-- INPUT FOR THIS TASK follows --

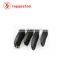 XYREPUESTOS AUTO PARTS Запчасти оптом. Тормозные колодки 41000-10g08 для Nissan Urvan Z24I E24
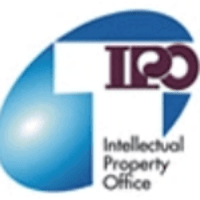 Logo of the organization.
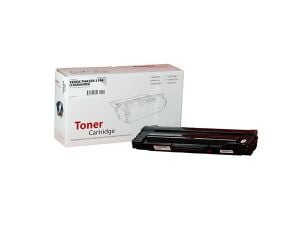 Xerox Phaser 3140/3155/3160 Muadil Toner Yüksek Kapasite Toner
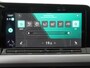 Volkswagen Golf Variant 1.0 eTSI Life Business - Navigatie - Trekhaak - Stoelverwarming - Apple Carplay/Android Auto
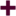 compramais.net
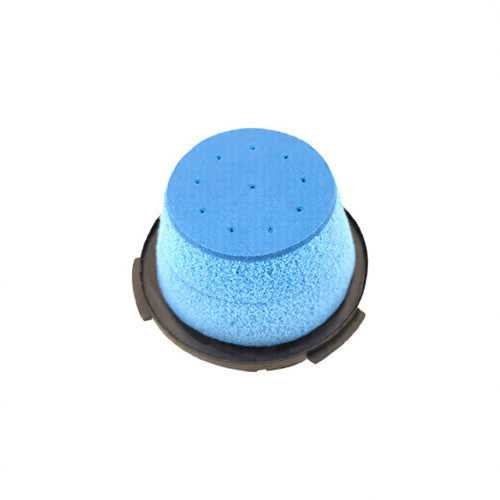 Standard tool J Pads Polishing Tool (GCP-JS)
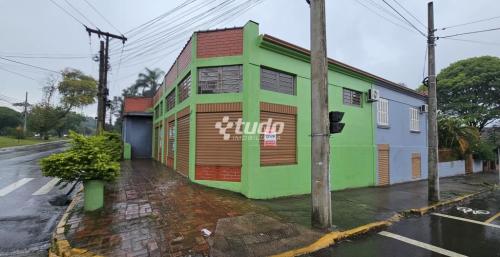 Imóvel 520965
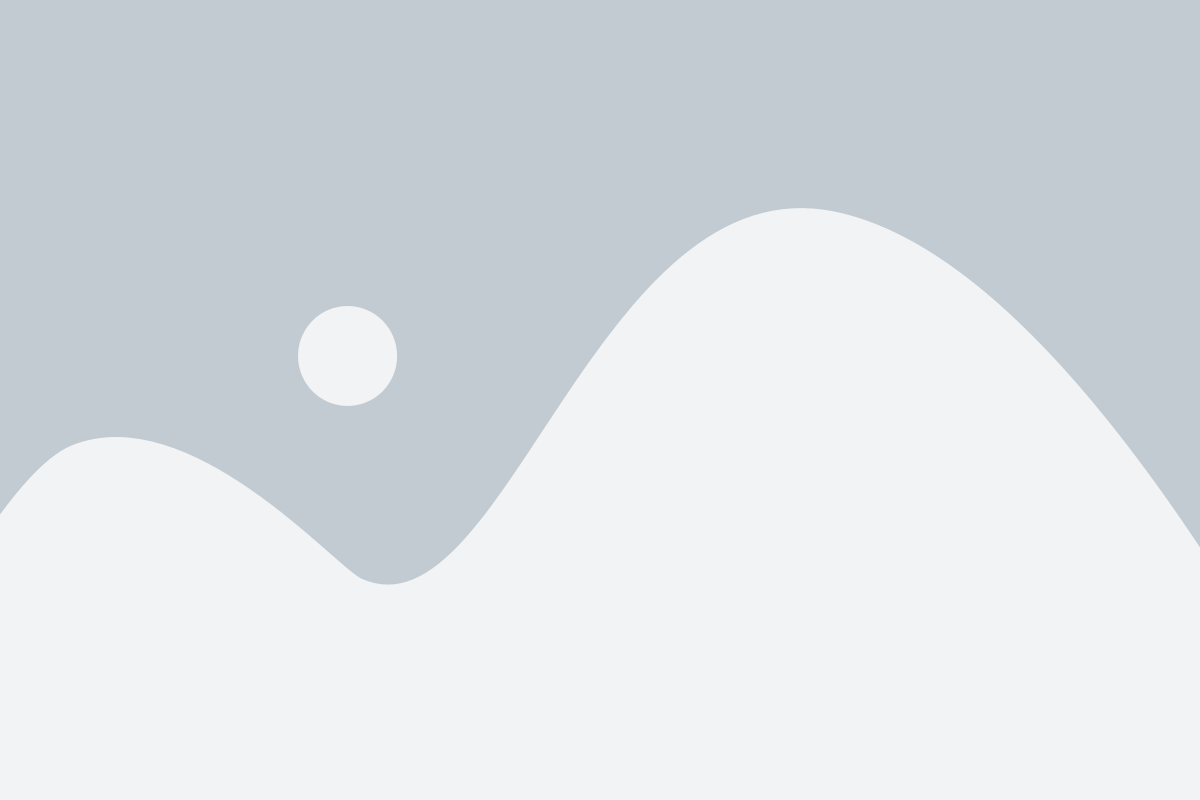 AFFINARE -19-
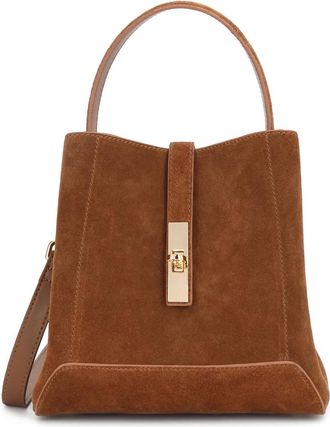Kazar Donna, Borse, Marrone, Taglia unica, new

-- INPUT FOR THIS TASK concluded --
-- INPUT FOR THIS TASK follows --

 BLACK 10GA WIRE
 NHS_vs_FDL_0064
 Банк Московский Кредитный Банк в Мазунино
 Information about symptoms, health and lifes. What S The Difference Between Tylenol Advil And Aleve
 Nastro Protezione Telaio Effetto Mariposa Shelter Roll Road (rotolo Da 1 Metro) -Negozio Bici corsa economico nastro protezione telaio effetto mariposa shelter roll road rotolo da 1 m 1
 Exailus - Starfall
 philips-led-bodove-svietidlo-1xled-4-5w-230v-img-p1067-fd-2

-- INPUT FOR THIS TASK concluded --

## WHAT YOU NEED TO DO
No picture is to be printed. Output exactly the lines above from the line containing "XYREPUESTOS AUTO PARTS" through the line containing "Kazar Donna, Borse, Marrone, Taglia".

## EXERCISE ANSWER
 XYREPUESTOS AUTO PARTS Запчасти оптом. Тормозные колодки 41000-10g08 для Nissan Urvan Z24I E24
 Logo of the organization.
 Xerox Phaser 3140/3155/3160 Muadil Toner Yüksek Kapasite Toner
 Volkswagen Golf Variant 1.0 eTSI Life Business - Navigatie - Trekhaak - Stoelverwarming - Apple Carplay/Android Auto
 compramais.net
 Standard tool J Pads Polishing Tool (GCP-JS)
 Imóvel 520965
 AFFINARE -19-
Kazar Donna, Borse, Marrone, Taglia unica, new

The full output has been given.